#### DATASET CONTENT
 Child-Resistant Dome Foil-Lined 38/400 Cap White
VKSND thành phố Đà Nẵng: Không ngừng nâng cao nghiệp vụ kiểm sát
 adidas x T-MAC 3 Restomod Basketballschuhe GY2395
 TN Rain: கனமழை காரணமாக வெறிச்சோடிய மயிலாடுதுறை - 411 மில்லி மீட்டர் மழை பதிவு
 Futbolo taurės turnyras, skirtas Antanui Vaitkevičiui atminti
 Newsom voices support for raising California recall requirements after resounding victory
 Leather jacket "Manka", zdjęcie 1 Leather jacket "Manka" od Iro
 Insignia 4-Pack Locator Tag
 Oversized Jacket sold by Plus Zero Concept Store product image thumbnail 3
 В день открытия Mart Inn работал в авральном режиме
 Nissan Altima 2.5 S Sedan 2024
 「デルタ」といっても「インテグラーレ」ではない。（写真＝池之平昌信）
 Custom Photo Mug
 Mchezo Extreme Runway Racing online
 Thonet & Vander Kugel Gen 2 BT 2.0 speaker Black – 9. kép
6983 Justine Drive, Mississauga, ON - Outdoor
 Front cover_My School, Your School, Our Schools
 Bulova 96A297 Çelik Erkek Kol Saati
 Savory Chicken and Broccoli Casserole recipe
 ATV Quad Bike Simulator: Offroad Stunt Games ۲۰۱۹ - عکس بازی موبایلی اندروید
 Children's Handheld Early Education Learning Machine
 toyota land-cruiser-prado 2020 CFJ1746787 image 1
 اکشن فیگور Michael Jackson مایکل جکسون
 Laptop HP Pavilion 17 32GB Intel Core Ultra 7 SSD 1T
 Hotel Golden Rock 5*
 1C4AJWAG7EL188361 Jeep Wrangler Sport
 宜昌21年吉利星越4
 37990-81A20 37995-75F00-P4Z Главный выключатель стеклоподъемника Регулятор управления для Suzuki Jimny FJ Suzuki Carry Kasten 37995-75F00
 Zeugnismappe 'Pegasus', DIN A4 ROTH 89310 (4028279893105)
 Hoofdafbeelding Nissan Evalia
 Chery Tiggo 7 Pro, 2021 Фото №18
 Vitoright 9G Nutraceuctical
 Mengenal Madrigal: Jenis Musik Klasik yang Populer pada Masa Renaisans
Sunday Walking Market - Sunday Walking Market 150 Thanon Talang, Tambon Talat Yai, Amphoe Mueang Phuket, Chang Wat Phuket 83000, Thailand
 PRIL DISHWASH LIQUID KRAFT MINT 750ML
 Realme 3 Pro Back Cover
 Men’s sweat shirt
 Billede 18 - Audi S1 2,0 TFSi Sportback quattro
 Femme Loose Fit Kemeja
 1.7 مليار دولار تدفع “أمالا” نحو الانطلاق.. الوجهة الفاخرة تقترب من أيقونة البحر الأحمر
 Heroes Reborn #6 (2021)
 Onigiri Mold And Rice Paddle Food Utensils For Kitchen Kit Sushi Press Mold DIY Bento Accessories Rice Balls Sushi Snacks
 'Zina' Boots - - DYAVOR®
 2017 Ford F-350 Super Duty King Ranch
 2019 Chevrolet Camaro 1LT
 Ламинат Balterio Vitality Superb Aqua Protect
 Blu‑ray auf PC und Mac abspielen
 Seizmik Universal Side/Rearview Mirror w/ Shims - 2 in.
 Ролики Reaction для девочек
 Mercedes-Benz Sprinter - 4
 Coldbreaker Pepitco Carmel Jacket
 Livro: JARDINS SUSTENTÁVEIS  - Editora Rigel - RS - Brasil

#### WHAT NEEDS TO BE DONE
Beginning with the line that has "Newsom voices support" and ending with the line that has "Mchezo Extreme Runway Racing online", set down the lines above exactly and include no others.

#### TASK RESULT
 Newsom voices support for raising California recall requirements after resounding victory
 Leather jacket "Manka", zdjęcie 1 Leather jacket "Manka" od Iro
 Insignia 4-Pack Locator Tag
 Oversized Jacket sold by Plus Zero Concept Store product image thumbnail 3
 В день открытия Mart Inn работал в авральном режиме
 Nissan Altima 2.5 S Sedan 2024
 「デルタ」といっても「インテグラーレ」ではない。（写真＝池之平昌信）
 Custom Photo Mug
 Mchezo Extreme Runway Racing online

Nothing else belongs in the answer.